# 📝 Bag of Words and TF-IDF

In this notebook, we'll explore two fundamental text representation techniques:
- **Bag of Words (BoW)**: Simple word frequency counting
- **TF-IDF**: Term Frequency-Inverse Document Frequency weighting

These techniques convert text into numerical features that machine learning algorithms can understand.

## 📚 Import Libraries

In [None]:
import numpy as np
import pandas as pd
import matplotlib.pyplot as plt
import seaborn as sns
from sklearn.feature_extraction.text import CountVectorizer, TfidfVectorizer
from sklearn.model_selection import train_test_split
from sklearn.naive_bayes import MultinomialNB
from sklearn.linear_model import LogisticRegression
from sklearn.metrics import accuracy_score, classification_report, confusion_matrix
import warnings
warnings.filterwarnings('ignore')

# Set style for plots
plt.style.use('seaborn-v0_8')
sns.set_palette("husl")

## 📊 Sample Dataset Creation

Let's create a sample dataset to understand BoW and TF-IDF concepts:

In [None]:
# Sample movie reviews dataset
documents = [
    "This movie is fantastic and amazing",
    "Great movie with excellent acting",
    "I love this movie so much",
    "This is a terrible movie",
    "Worst movie I have ever seen",
    "I hate this boring movie",
    "The acting is superb in this film",
    "Amazing cinematography and great story",
    "Poor storyline and bad acting",
    "Excellent direction and fantastic cast"
]

# Labels: 1 = positive, 0 = negative
labels = [1, 1, 1, 0, 0, 0, 1, 1, 0, 1]

# Create DataFrame
df = pd.DataFrame({
    'text': documents,
    'sentiment': labels
})

print("Sample Dataset:")
print(df)

## 🎒 Bag of Words (BoW)

Bag of Words creates a vocabulary of all unique words and counts their occurrences in each document.

In [None]:
# Create Bag of Words vectorizer
bow_vectorizer = CountVectorizer(
    lowercase=True,           # Convert to lowercase
    stop_words='english',     # Remove English stop words
    max_features=100          # Limit vocabulary size
)

# Fit and transform the text data
bow_matrix = bow_vectorizer.fit_transform(documents)

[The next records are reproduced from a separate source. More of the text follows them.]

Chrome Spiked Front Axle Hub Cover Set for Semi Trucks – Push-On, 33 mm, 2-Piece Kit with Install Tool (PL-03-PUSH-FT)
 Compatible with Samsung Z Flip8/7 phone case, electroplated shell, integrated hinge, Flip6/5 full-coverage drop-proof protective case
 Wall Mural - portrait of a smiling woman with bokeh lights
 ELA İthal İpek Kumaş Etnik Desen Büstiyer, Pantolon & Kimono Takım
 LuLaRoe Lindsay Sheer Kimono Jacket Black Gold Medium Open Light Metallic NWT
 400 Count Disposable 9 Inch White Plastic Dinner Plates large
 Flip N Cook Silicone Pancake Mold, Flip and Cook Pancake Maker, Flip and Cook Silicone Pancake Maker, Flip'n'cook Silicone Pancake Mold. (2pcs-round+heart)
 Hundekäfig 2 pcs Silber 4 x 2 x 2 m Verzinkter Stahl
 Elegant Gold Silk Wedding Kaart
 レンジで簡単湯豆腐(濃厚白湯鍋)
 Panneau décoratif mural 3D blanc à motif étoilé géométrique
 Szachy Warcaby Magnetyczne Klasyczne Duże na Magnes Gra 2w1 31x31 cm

# Get feature names (vocabulary)
feature_names = bow_vectorizer.get_feature_names_out()

print(f"Vocabulary size: {len(feature_names)}")
print(f"Vocabulary: {list(feature_names)}")
print(f"\nBoW matrix shape: {bow_matrix.shape}")

In [None]:
# Convert to dense matrix for visualization
bow_dense = bow_matrix.toarray()

# Create DataFrame for better visualization
bow_df = pd.DataFrame(bow_dense, columns=feature_names)
bow_df['document'] = [f"Doc {i+1}" for i in range(len(documents))]
bow_df['text'] = documents

print("Bag of Words Matrix:")
print(bow_df[['document'] + list(feature_names[:10])].head())

## 📊 Visualize Word Frequencies

In [None]:
# Calculate word frequencies across all documents
word_freq = np.sum(bow_dense, axis=0)
word_freq_df = pd.DataFrame({
    'word': feature_names,
    'frequency': word_freq
}).sort_values('frequency', ascending=False)

# Plot word frequencies
plt.figure(figsize=(12, 6))
plt.subplot(1, 2, 1)
sns.barplot(data=word_freq_df.head(10), x='frequency', y='word')
plt.title('Top 10 Most Frequent Words (BoW)')
plt.xlabel('Frequency')

# Show word distribution
plt.subplot(1, 2, 2)
plt.hist(word_freq, bins=10, alpha=0.7, color='skyblue')
plt.title('Distribution of Word Frequencies')
plt.xlabel('Frequency')
plt.ylabel('Number of Words')

plt.tight_layout()
plt.show()

## 🔢 TF-IDF (Term Frequency-Inverse Document Frequency)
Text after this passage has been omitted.